Strong retail business
Wesfarmers owns a diversified portfolio of retail businesses, including Officeworks, Bunnings, and Kmart, which helps the company perform defensively through various economic cycles.
In the company's half-year FY2024 results announcement, Wesfarmers managing director Rob Scott highlighted:
Wesfarmers' retail divisions executed strongly during the half, responding effectively to changing customer needs as households increasingly sought out value.
In this environment, the retail divisions' core offer of everyday products with market-leading value credentials supported growth in sales and customer transaction numbers.
Weak lithium prices add pressure
While its retail business is going strong, its lithium project is affected by weak global commodity prices.
Wesfarmers is investing in a lithium mining project at Mt Holland, which is in the ramp-up stage. The project's profitability largely depends on fluctuations in global commodity prices and foreign exchange rates.
Unfortunately, the lithium price plummeted last year, falling 67% from US$45,000 per tonne of lithium carbonate to approximately US$14,500 per tonne today. As my colleague Bronwyn noted here, the outlook remains uncertain as the global lithium price is closely tied to the demand for electric vehicles.

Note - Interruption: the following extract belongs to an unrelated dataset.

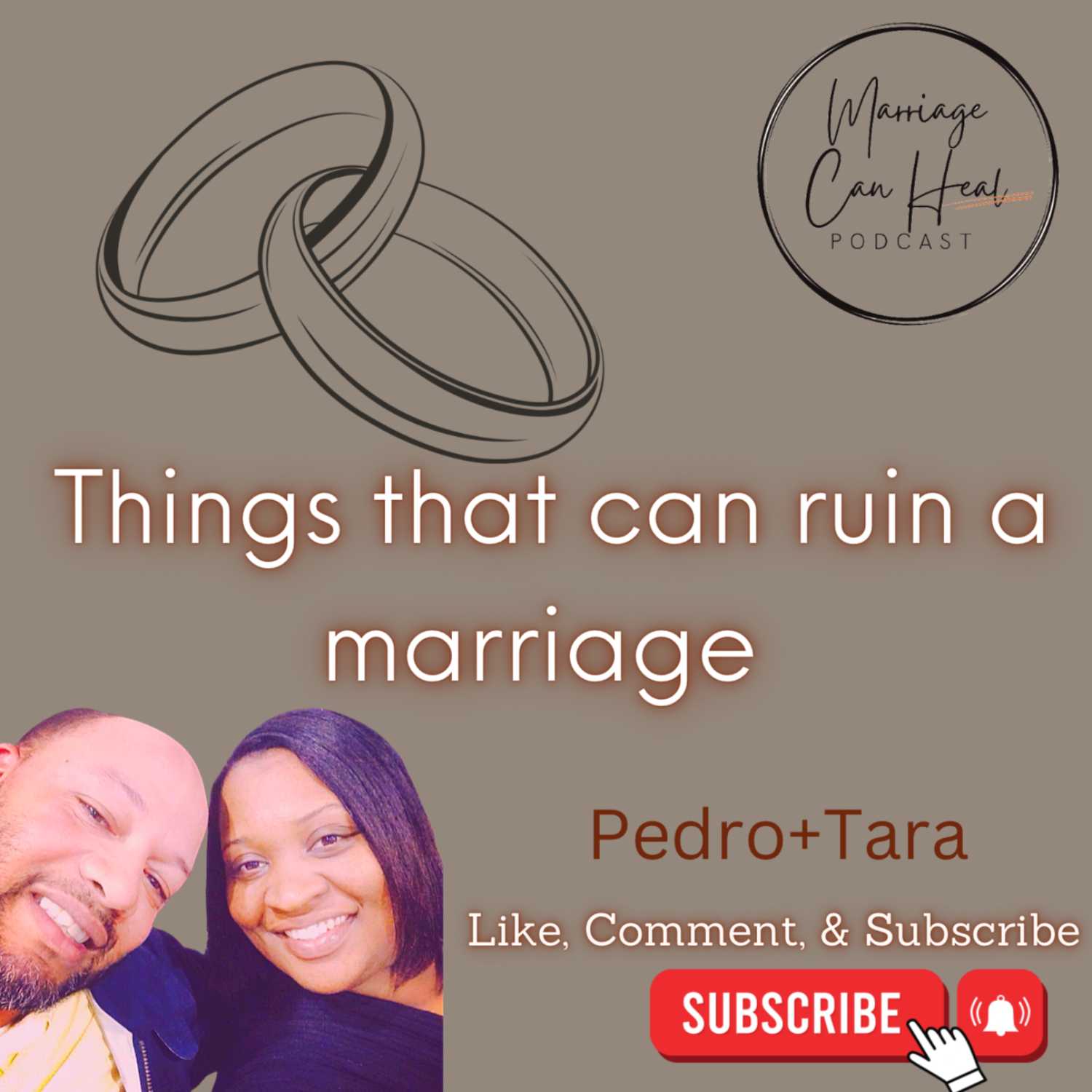 What CAN RUIN A MARRIAGE?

Wesfarmers acknowledged these challenges. In the half-year results briefing, Scott added:
Strong operating performance continued in WesCEF, with good plant availability and production rates during the period. As previously indicated, earnings for the half were impacted by lower global commodity prices relative to the elevated pricing environment over recent years.

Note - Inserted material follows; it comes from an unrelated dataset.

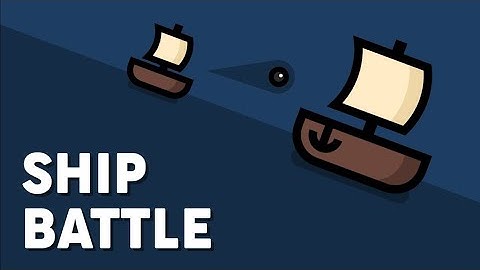 2 player game( ship battle)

The Mt Holland concentrator was successfully commissioned during the half, and operations recently entered the ramp-up phase. Good progress continued on the construction of the Kwinana lithium hydroxide refinery.
How cheap are Wesfarmers shares now?
Wesfarmers shares are trading at 27 times FY24's estimated earnings, which is at the high end of its historical trading range of 15 to 30 times. The company offers a fully-franked dividend yield of 3%.

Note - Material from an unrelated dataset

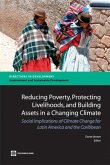 Reducing Poverty, Protecting Livelihoods, and Building Assets in a Changing Climate: Social Implications of Climate Change for Latin America and the C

Comparing Wesfarmers to its peers, based on earnings estimates provided by S&P Capital IQ:
- Woolworths shares are valued at 22x FY24's estimated earnings.
- Coles shares are valued at 26x FY24's estimated earnings.
The outperformance of Wesfarmers compared to its peers prompted Goldman Sachs to downgrade the consumer discretionary stock in favour of staples recently. In this downgrade report summarised by my colleague Bronwyn, Goldman Sachs analysts Lisa Deng and James Leigh highlighted:
… our Buy thesis of resilient retail (Bunning and Kmart) businesses generating ~A$2.0-A$2.5 billion free cashflow to invest behind growth opportunities (Digital and Health) is now fully factored in.
Foolish takeaway
Wesfarmers owns several high-quality retailers with strong customer loyalty. It also invests in diverse industries, including healthcare, chemicals, and industrial businesses.
However, its current valuation isn't cheap relative to its history, making this a tricky investment decision.
While the Wesfarmers share price may not be a bargain, the company has been an excellent dividend payer over the years. At the current price, Wesfarmers offers a fully franked dividend yield of 3%.
I think it might still be worth considering for long-term dividend investors.